I don’t get to shoot underwater as much as I want and what’s toughest for me is to gauge (by eye/muscle memory) is flash fall off.

I want to be able to look at something underwater and gauge “I should be this much closer” or “I should open up/compensate this much” without having to take 5 test shots first.

Big white walls in my apartment so definitely no good. ND filters aren’t going to simulate underwater... anyone have tips?
 
Do you have a pool that is accessible? No amount of practice (for most people) will get you comfortable since the relationship between GN in air and in water is not typically linear and depends enormously on water clarity.
Bill
 
Like Bill said, it really is something to be learned in-water. I'd suggest studying your camera settings from different shots, and even make notes on strobe positioning after each dive. This way you can study your settings/lighting for each image at home in between dive trips. It's not very exciting, but the 'classroom' time will help truly understand the relationship of the exposure triangle and variables contributed by the artificial light source.

You could also look towards affordable studio lighting classes and online tutorials. After all, lighting principals are all the same (key light, fill light, etc.).
 
One useful way to practice if you have a second happy snappy camera is to take a picture of your rig when you shoot a certain way. When I was starting out I took a notebook with me and shot a thousand setups in our local pool with notes on strobe position with a tape measure (used for Reef Check transits) to position a subject say 2 meters away and played that way.
Bill
 
Do you have a pool that is accessible? No amount of practice (for most people) will get you comfortable since the relationship between GN in air and in water is not typically linear and depends enormously on water clarity.
Bill
Not really. I've got Dutch Springs in NY with vis of about... oh... a foot. Okay, exagerating there, but you get the idea.

Oh wait! I do! It's a pool at the college where I teach so I'm not sure how they'd feel about me dragging a camera in there, but it's an idea....thanks!
 
Like Bill said, it really is something to be learned in-water. I'd suggest studying your camera settings from different shots, and even make notes on strobe positioning after each dive. This way you can study your settings/lighting for each image at home in between dive trips. It's not very exciting, but the 'classroom' time will help truly understand the relationship of the exposure triangle and variables contributed by the artificial light source.

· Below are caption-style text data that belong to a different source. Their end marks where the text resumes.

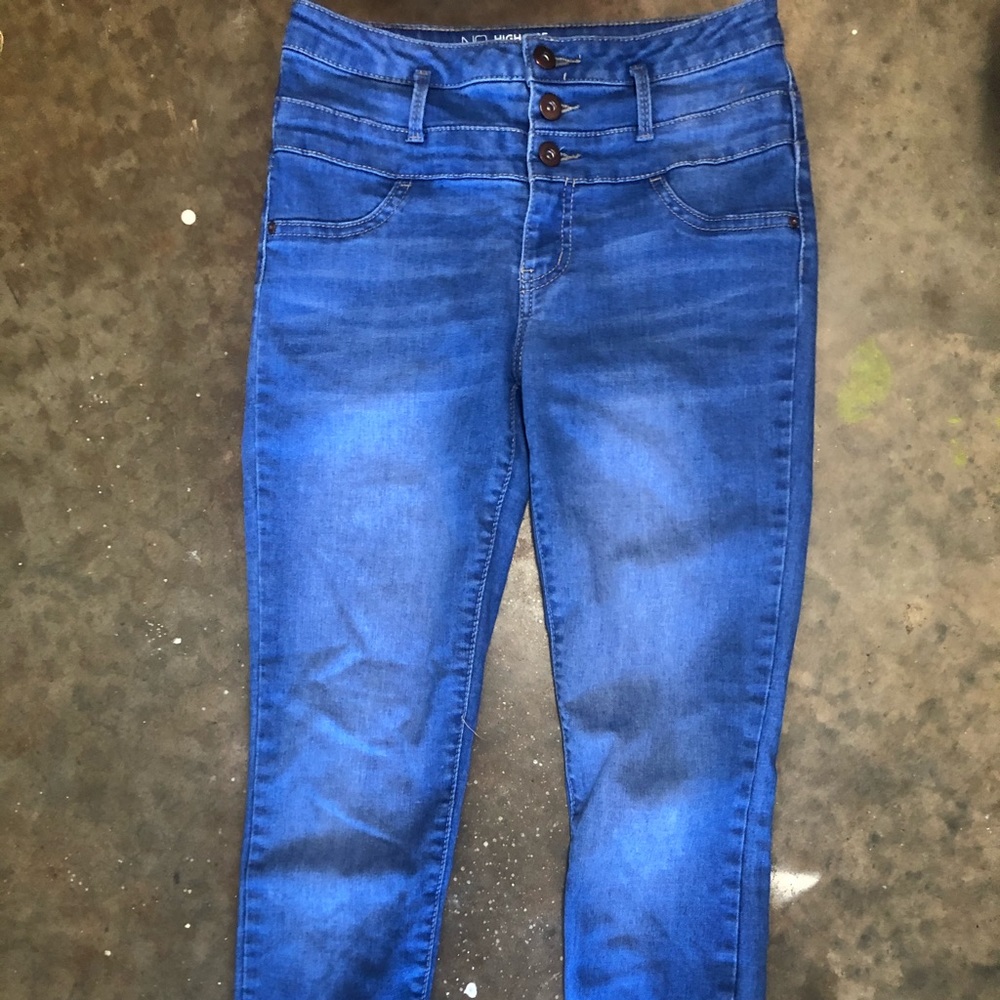 High rise skinned jeans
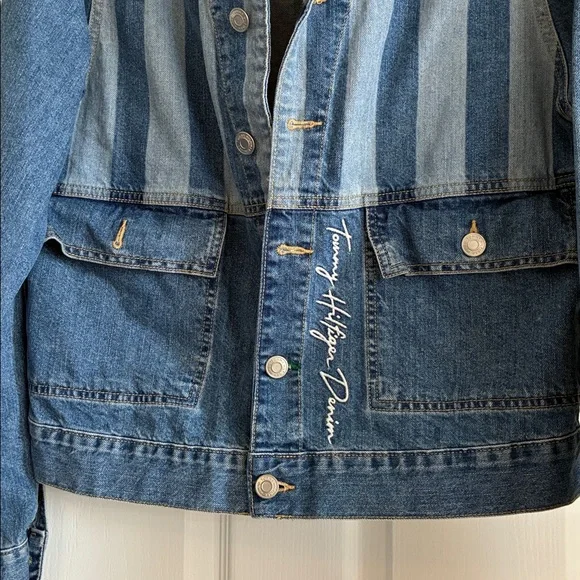 Tommy Hilfiger 90s Revival Streetwear Denim Striped Mixed-Wash Trucker Jacket M - Picture 3 of 9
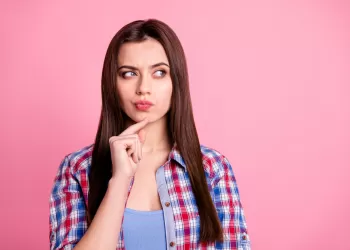 Diş Teli Kullanmadan Şeffaf Plak Çapraşık Dişleri Nasıl Düzeltir?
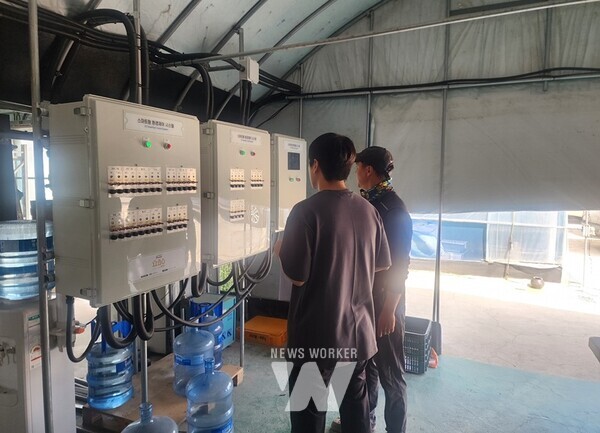 스마트팜 사업 대상자 교육 및 농가 현장방문 모습. (사진제공-나주시)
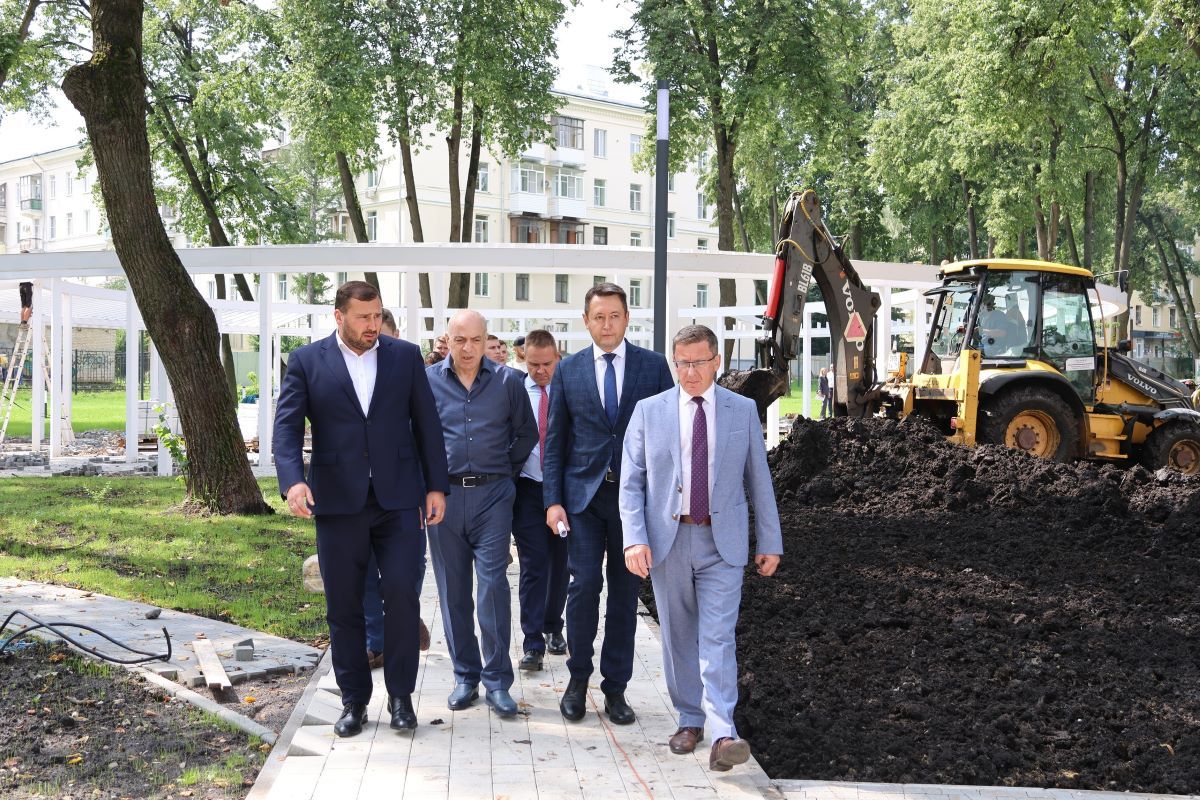 Новомосковск посетил с рабочим визитом первый заместитель губернатора Михаил Пантелеев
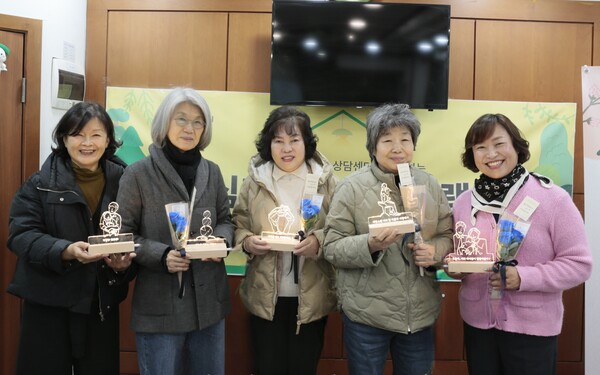  ▲장기기증본부의 제5회 심리지원 프로그램 수료식에서 수료자들이 기념사진을 촬영하고 있다.ⓒ데일리굿뉴스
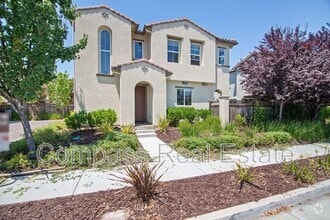 Building Photo - 5539 Southcrest Way
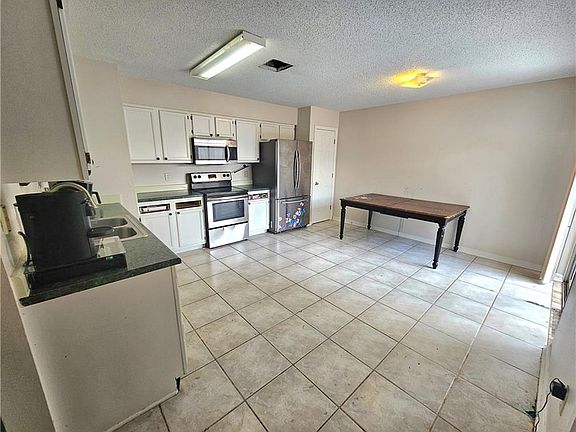 5th image of 2724 Marisha Ct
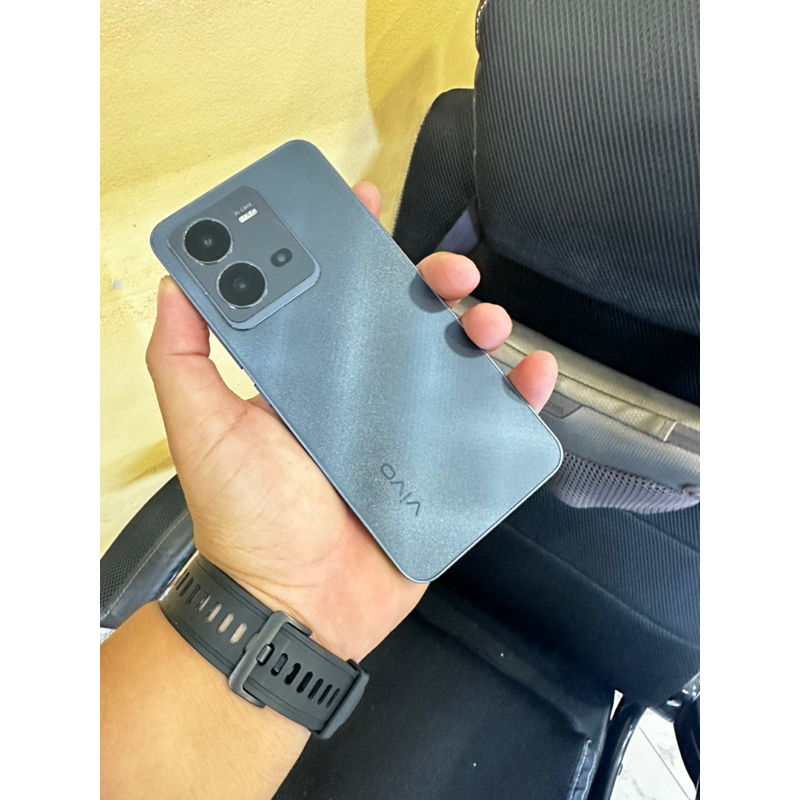 Vivo v25 5g 8+128gb สภาพดี ขอบมีรอยเคสกัดบ้าง จอสวย การใช้งานปกติ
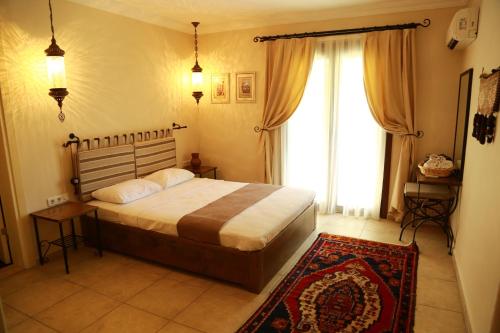帕塔拉达达诺斯酒店的一间卧室设有一张床和一个大窗户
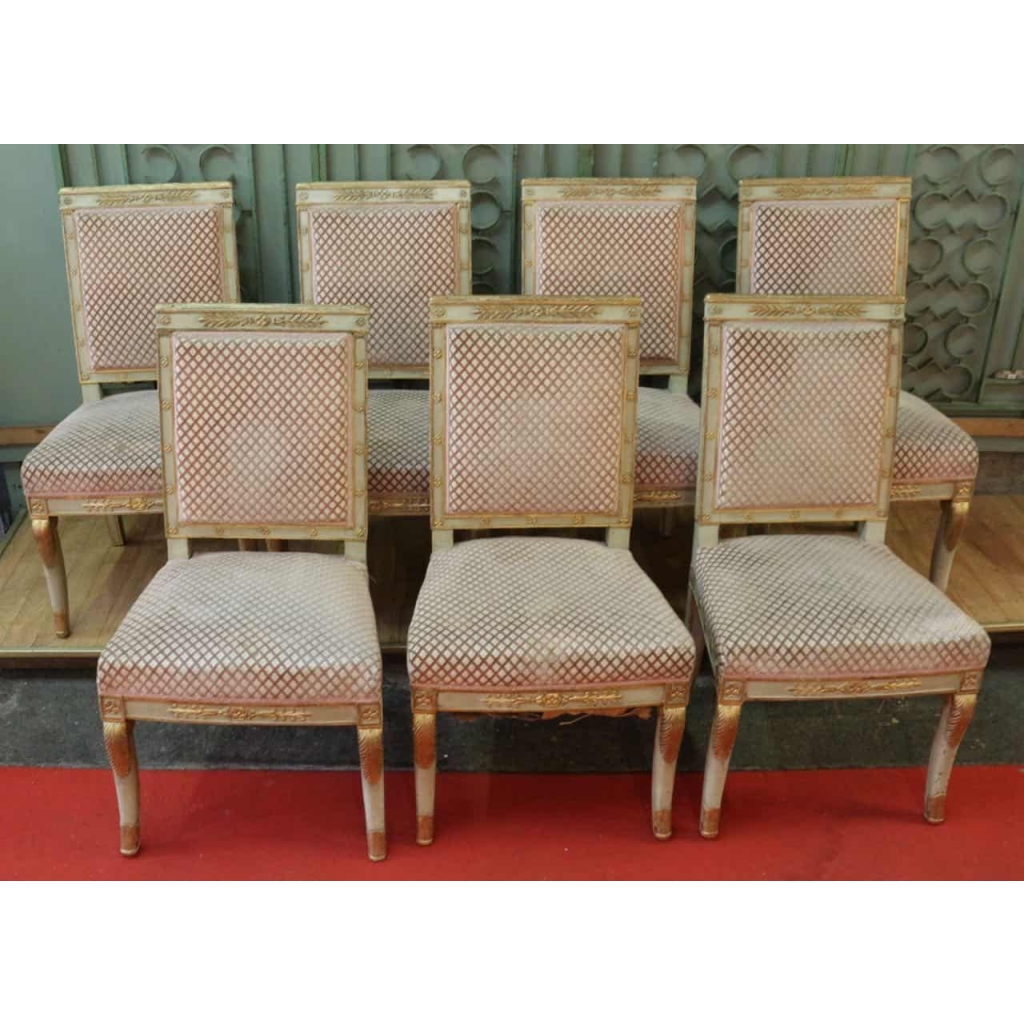 Série de 9 chaises de style Empire | Biron |||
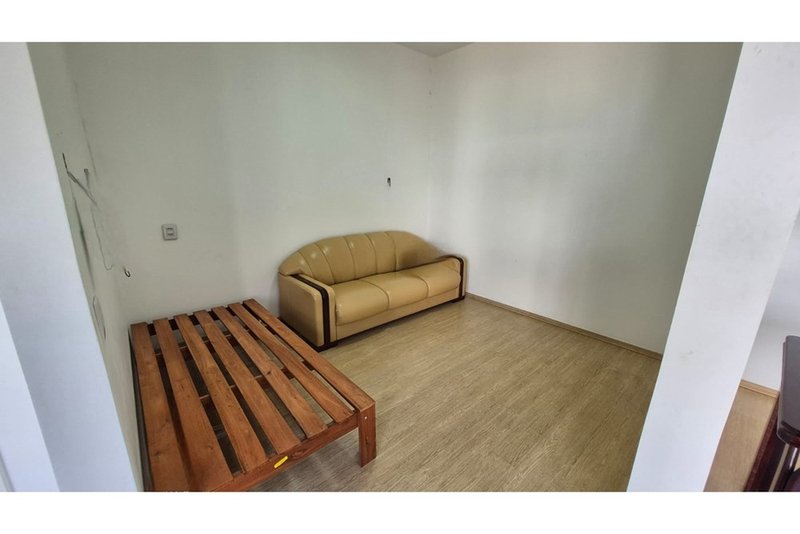 Casa Comercial à venda, 388m - 6 Dormitorios - R$ 730.000 - Jd. Maria do Carmo - Sorocaba Rua Francisco Xavier de Barros Sorocaba -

You could also look towards affordable studio lighting classes and online tutorials. After all, lighting principals are all the same (key light, fill light, etc.).
I noticed I haven't heard a lot about fill lighting or lighting ratios underwater! I was wondering about that. I mean, I actually *teach* cinematography, but that's what I've spent my life learning - continuous light. I know jack s**t about these damned strobes.

I'm definitely going to start writing down strobe positions.... that's a great suggestion.
 
One useful way to practice if you have a second happy snappy camera is to take a picture of your rig when you shoot a certain way. When I was starting out I took a notebook with me and shot a thousand setups in our local pool with notes on strobe position with a tape measure (used for Reef Check transits) to position a subject say 2 meters away and played that way.
Bill
That is really interesting.... the pool settings translated pretty fairly into the ocean?
 
Pool settings do indeed transfer relatively easily to the ocean (at least when the ocean is relatively clear). Get Martin Edge's book on Underwater Photography (4th Edition) and read Chapter 6 (all about lighting). UW you will not have the luxury that you have in the studio or on the set, for the most part your strobes will be attached to your camera so getting strobe backlighting, rim lighting and the equivalent of hair lighting is definitely trickier than on land. that being said, you can do a lot with continuous lighting UW if you have patience and are willing to shoot at relatively high ISO. In any case, good luck and have fun
Bill
 
Note that there are different ways the water cannot be clear. There is hazy. There is you can see quite a ways but there is large particulate floating around, or maybe the particulate is small. It varies a lot at least where I dive.